André Maurois
1885-1967
  1. Je crois apercevoir dans la nature les traces d'un ordre, d'un plan, et si vous voulez le reflet du divin... Mais le plan lui-même me paraît inintelligible pour un esprit humain...
    (Le peseur d'âmes, Livre de Poche n° 1685|1686, p.221)
     
  2. - En d'autres termes, vous croyez à une immortalité de l'âme universelle, mais non à la survie de l'individu ?...
    - Vous avez un goût très français des idées, mon ami...

    (Le peseur d'âmes, Livre de Poche n° 1685|1686, p.245)
     
  3. Il me regarda longtemps, comme un architecte qui mesure du regard la force d'une poutre ou d'un mur.
    (Le peseur d'âmes, Livre de Poche n° 1685|1686, p.247)
     
  4. J'étais perdu dans la rêverie où nous plonge toujours l'énigme d'un beau visage [...]

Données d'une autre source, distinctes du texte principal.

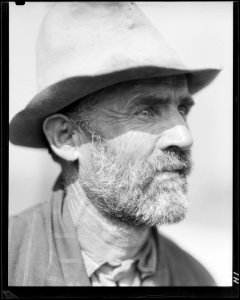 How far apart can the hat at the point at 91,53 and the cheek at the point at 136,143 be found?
202 mm

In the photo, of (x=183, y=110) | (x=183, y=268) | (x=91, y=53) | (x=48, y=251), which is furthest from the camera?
(x=183, y=268)

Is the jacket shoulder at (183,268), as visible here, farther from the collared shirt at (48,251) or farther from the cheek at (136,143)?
the cheek at (136,143)

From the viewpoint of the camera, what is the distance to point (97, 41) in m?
1.51

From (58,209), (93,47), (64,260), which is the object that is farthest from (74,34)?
(64,260)

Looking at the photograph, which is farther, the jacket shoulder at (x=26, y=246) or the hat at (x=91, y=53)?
the jacket shoulder at (x=26, y=246)

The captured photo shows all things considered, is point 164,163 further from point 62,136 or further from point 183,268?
point 183,268

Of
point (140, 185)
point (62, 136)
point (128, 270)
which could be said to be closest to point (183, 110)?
point (140, 185)

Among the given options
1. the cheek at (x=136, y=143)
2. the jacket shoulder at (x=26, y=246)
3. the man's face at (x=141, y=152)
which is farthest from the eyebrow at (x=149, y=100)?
the jacket shoulder at (x=26, y=246)

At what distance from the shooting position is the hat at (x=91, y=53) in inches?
57.6

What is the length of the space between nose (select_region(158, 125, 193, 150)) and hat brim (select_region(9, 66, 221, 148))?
0.67 feet

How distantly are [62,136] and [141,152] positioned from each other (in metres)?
0.33

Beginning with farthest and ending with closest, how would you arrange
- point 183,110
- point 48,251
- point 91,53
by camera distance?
point 183,110 < point 48,251 < point 91,53

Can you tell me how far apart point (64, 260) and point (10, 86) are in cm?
71

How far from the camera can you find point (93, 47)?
4.94ft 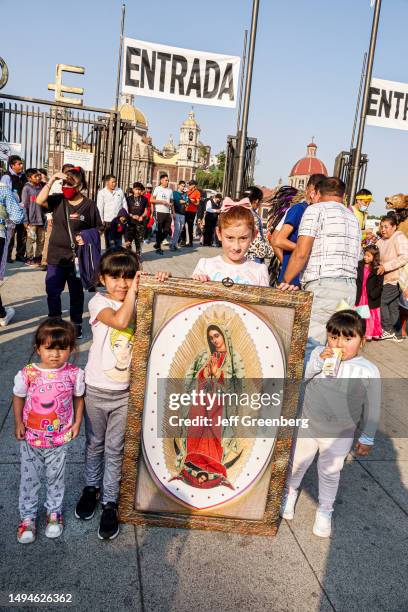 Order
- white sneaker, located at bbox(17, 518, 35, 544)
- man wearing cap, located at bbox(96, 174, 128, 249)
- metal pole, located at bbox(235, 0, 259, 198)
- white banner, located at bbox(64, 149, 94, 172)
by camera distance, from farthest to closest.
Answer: white banner, located at bbox(64, 149, 94, 172) → man wearing cap, located at bbox(96, 174, 128, 249) → metal pole, located at bbox(235, 0, 259, 198) → white sneaker, located at bbox(17, 518, 35, 544)

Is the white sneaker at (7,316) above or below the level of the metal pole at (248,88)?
below

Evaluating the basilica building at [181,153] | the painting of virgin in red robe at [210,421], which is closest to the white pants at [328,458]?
the painting of virgin in red robe at [210,421]

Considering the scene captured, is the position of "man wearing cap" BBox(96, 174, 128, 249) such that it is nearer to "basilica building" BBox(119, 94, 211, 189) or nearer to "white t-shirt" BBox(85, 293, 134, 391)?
"white t-shirt" BBox(85, 293, 134, 391)

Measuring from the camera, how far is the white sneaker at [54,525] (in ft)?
8.39

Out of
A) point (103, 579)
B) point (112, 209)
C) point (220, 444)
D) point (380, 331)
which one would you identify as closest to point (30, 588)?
point (103, 579)

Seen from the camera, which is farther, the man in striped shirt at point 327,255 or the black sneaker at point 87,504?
the man in striped shirt at point 327,255

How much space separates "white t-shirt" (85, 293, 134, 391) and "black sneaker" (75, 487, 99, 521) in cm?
62

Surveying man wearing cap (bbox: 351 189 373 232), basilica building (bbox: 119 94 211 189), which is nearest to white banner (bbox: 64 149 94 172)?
man wearing cap (bbox: 351 189 373 232)

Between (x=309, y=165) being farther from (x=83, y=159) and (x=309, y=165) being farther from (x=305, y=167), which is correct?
(x=83, y=159)

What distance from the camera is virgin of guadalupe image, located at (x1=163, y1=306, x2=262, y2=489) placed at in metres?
2.53

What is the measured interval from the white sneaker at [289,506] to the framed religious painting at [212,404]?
22 centimetres

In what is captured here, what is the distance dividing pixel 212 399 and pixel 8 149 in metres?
10.0

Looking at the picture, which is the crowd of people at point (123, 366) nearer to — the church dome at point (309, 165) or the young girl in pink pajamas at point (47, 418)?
the young girl in pink pajamas at point (47, 418)

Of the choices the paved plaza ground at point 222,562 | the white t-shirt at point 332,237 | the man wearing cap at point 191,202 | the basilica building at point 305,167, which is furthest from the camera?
the basilica building at point 305,167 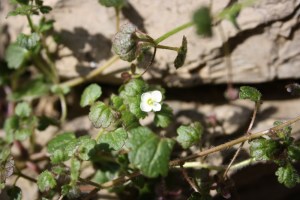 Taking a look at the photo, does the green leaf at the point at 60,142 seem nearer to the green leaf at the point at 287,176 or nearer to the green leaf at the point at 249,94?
the green leaf at the point at 249,94

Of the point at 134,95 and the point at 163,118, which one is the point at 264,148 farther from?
the point at 134,95

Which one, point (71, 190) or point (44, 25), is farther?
point (44, 25)

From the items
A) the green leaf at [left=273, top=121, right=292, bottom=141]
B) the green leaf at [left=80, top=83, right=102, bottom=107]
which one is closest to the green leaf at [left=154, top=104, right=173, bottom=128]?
the green leaf at [left=80, top=83, right=102, bottom=107]

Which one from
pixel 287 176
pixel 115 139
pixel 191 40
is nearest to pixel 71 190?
pixel 115 139

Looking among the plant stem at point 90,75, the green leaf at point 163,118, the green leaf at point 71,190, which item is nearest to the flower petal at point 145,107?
the green leaf at point 163,118

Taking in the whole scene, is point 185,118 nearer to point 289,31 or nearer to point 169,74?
point 169,74

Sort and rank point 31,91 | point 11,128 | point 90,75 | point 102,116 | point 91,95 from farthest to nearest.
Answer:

    (Le peseur d'âmes, Livre de Poche n° 1685|1686, p.256)
     
  5. C'est à la fois la force et le danger de notre caractère national [Anglais] que cette impuissance à s'exprimer...
    (Le peseur d'âmes, Livre de Poche n° 1685|1686, p.275)
     
  6. Je ne sais si je vous reverrai. Quand la vie sépare, elle sépare profondément.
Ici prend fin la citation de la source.